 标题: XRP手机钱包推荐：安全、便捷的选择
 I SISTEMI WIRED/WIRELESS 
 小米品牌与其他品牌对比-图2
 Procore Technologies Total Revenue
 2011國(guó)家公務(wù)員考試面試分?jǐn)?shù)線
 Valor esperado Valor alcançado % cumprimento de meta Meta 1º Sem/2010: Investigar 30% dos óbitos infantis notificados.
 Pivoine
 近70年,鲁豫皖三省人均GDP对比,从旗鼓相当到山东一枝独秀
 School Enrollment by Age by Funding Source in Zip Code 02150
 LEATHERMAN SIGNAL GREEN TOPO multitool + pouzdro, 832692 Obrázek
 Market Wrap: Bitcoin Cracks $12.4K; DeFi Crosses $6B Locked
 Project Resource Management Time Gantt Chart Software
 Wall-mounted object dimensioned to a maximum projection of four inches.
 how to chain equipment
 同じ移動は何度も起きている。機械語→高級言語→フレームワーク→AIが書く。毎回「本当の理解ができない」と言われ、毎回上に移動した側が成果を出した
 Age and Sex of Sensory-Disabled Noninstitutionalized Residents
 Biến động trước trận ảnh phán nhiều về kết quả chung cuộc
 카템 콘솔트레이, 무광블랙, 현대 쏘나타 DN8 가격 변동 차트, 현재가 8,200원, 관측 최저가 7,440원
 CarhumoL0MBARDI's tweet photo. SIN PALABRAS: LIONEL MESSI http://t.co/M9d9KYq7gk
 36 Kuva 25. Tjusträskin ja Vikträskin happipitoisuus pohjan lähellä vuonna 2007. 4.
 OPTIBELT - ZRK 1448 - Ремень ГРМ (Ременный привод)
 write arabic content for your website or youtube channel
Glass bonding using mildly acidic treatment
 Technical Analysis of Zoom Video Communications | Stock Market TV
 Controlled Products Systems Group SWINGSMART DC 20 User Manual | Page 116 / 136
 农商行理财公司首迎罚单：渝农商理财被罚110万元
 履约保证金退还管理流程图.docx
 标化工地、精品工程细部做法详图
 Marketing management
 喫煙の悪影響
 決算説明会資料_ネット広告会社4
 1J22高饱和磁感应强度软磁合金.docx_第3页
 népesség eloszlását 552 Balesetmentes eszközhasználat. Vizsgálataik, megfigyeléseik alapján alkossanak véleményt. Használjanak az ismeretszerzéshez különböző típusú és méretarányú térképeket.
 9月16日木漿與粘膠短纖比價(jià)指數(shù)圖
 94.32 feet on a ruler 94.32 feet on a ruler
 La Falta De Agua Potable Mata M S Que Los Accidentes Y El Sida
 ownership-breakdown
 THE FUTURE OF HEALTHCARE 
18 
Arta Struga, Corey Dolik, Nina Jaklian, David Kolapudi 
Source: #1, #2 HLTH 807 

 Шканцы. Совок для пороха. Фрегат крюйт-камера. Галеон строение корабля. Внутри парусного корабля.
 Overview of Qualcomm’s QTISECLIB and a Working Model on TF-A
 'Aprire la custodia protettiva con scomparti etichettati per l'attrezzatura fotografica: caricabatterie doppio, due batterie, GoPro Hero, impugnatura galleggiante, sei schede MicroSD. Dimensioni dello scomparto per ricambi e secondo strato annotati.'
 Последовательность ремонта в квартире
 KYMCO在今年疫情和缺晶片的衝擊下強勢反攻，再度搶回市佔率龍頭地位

- - - - -

WHAT NEEDS TO BE DONE. What you give back should be exactly the lines from the one with "Source: #1, #2 HLTH 807" through the final line of the listing, and no others.

ANSWER SECTION.
Source: #1, #2 HLTH 807 

 Шканцы. Совок для пороха. Фрегат крюйт-камера. Галеон строение корабля. Внутри парусного корабля.
 Overview of Qualcomm’s QTISECLIB and a Working Model on TF-A
 'Aprire la custodia protettiva con scomparti etichettati per l'attrezzatura fotografica: caricabatterie doppio, due batterie, GoPro Hero, impugnatura galleggiante, sei schede MicroSD. Dimensioni dello scomparto per ricambi e secondo strato annotati.'
 Последовательность ремонта в квартире
 KYMCO在今年疫情和缺晶片的衝擊下強勢反攻，再度搶回市佔率龍頭地位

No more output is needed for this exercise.